In a sense, the seeds of this objection to the reducibility of experience are already detectable in successful cases of reduction; for in discovering sound to be, in reality, a wave phenomenon in air or other media, we leave behind one viewpoint to take up another, and the auditory, human or animal viewpoint that we leave behind remains unreduced. Members of radically different species may both understand the same physical events in objective terms, and this does not require that they understand the phenomenal forms in which those events appear to the senses of members of the other species. Thus it is a condition of their referring to a common reality that their more particular viewpoints are not part of the common reality that they both apprehend. The reduction can succeed only if the species-specific viewpoint is omitted from what is to be reduced.
While Nagel, then, argues that it is not possible for humans to comprehend what it is like to be a bat, one might conclude, in a converse sort of analogy, that dogs cannot comprehend what it is like to be a human. As such, a dog would likely not comprehend anything beyond the relatively narrow parameters of his/or her consciousness and perspective.
Donald Davidson’s 1982 essay, “Rational Animals” makes a careful distinction between thought and belief, categorizing the latter as one of a number of propositional attitudes. Propositional attitudes, Davidson asserts, are hallmarks of the kind of rational thought that distinguishes humans from animals.
We identify thoughts, distinguish between them, describe them for what they are, only as they can be located within a dense network of related beliefs.
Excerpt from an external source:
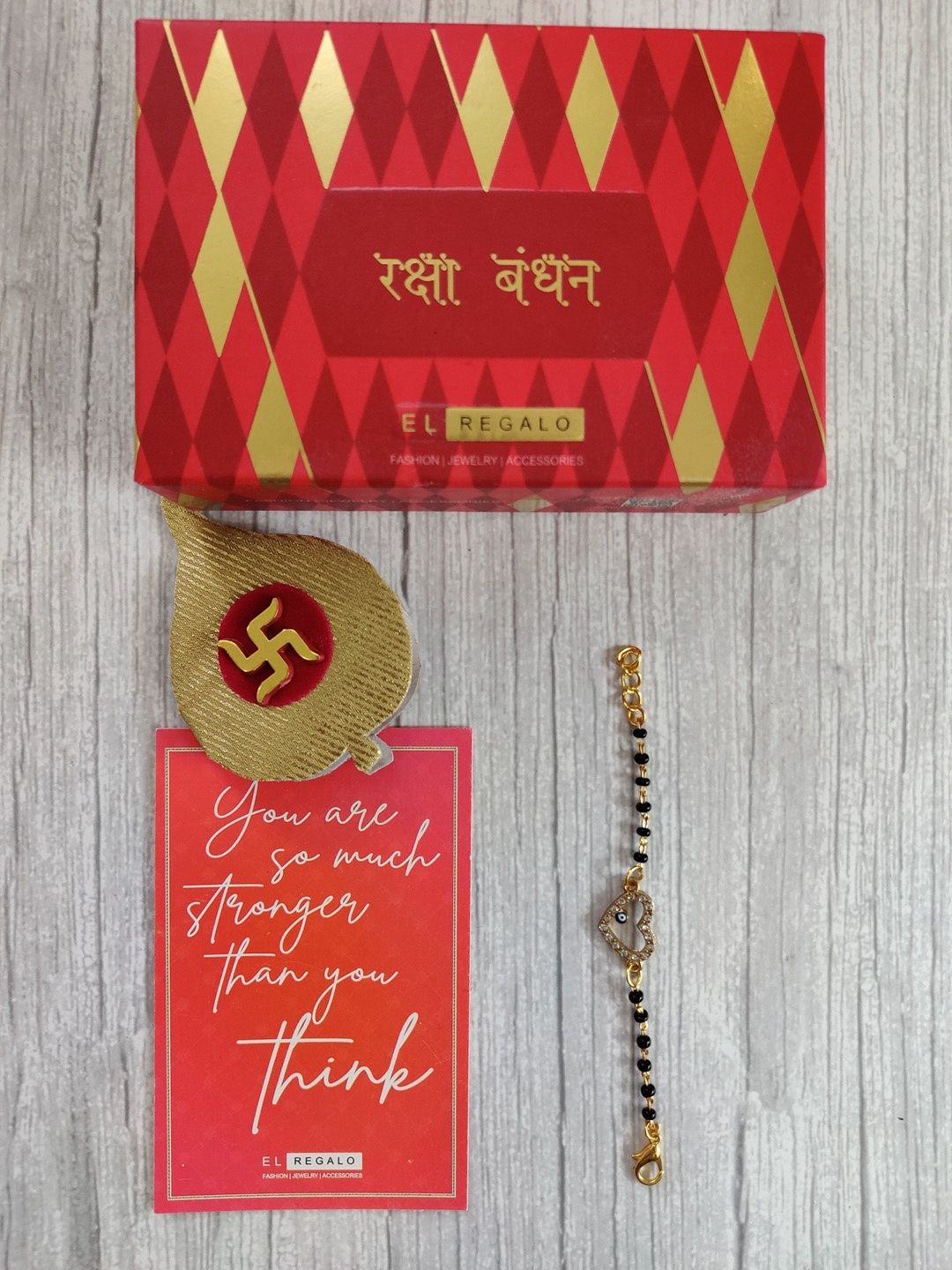 EL REGALO Baby Gold Coloured Black Evil Eye Rakhi With Roli Chawal & Rakhi Card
If we really can intelligibly ascribe single beliefs to a dog, we must be able to imagine how we would decide whether the dog has many other beliefs of the kind necessary for making sense of the first. It seems to me that no matter where we start, we very soon come to beliefs such that we have no idea at all how to tell whether a dog has them, and yet such that without them, our confident first attribution looks shaky.
It’s a sad indictment, I’ll admit; reducing the objects of our collective affections to nothing but “dumb animals.” Make no mistake about it: our dogs (and other pets) think, sense and experience all sorts of things…But they process phenomena differently than we human-types do. While recent research regarding American prairie dogs suggests the possibility of social traits well beyond our current understanding of animal interaction but even with such preliminary findings, present perceptions of animal behavior lie somewhere between sterile epiphenomenalism and fantastical anthropomorphism.
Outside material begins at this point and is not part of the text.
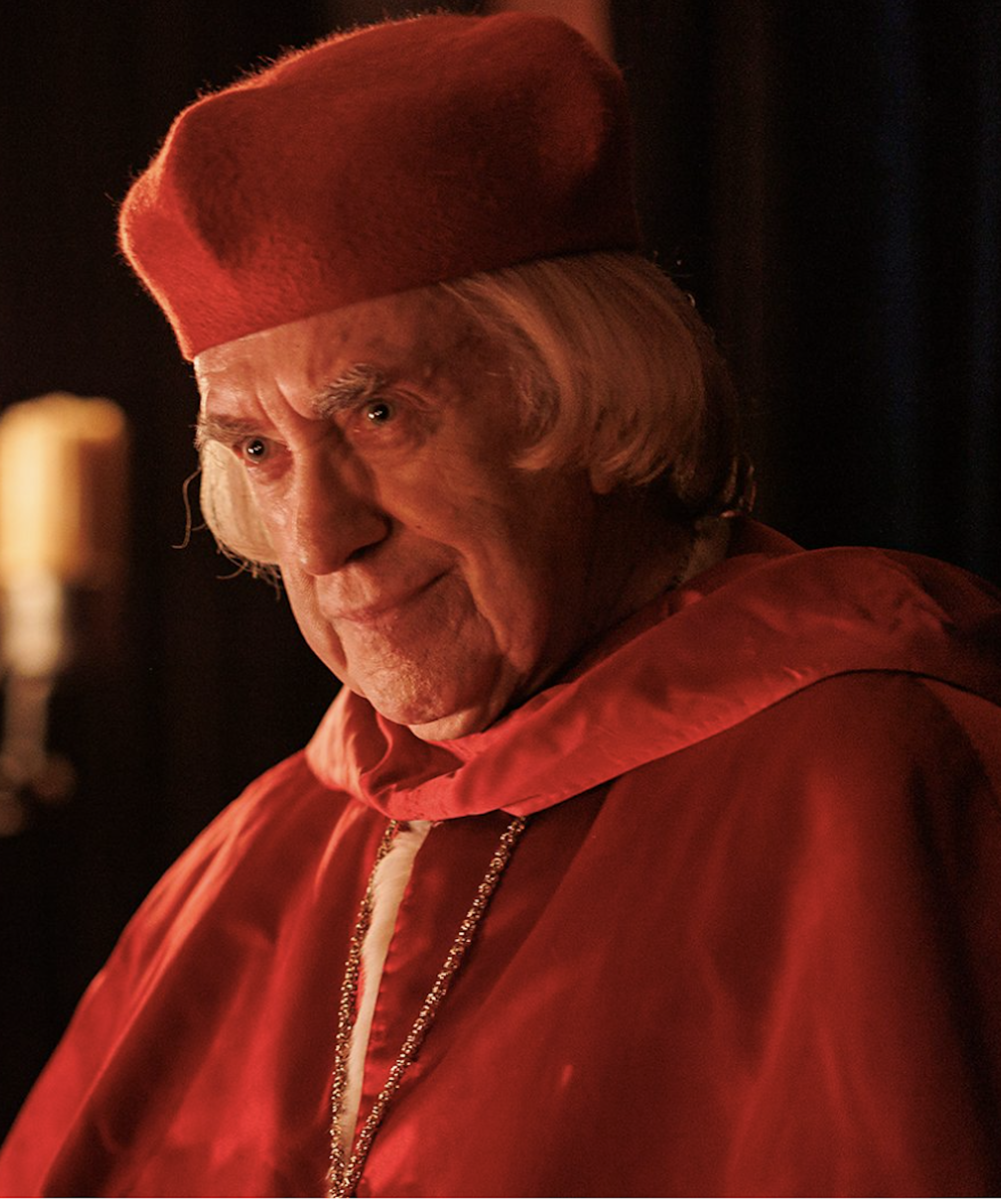 A Tudor era man dressed in the opulent red robes of a cardinal.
I’ll be the first to admit that it’s emotionally rewarding to ascribe all sorts of feel-good niceties to our furry (and not-so-furry) friends, especially when they bring us so much happiness and relief in our day-to-day lives. When we look into the countenances of our pets and experience such tremendous feelings of unconditional devotion and acceptance, the question of who knows what seems of little consequence.
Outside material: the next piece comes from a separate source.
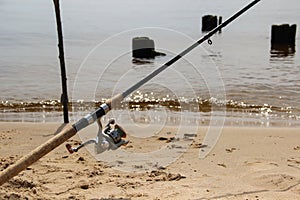 Fishing pole with reel and fishing line stands at the shore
 From D.E. Harding’s “On Having No Head” in Douglas Hofstadter’s compilation The Mind’s I: Fantasies and Reflections on Self and Soul, pp. 23-33.
 From Hofstadter’s “Reflections” on Harding’s work.
 From D.E. Harding’s “On Having No Head” in Douglas Hofstadter’s compilation The Mind’s I: Fantasies and Reflections on Self and Soul, pp. 391-414.
 Similar in concept to the “higher mental functions” elucidated by Vygotsky and others.
 From Donald Davidson’s “Rational Animals” in Mind and Cognition: An Anthology, pp. 781-787.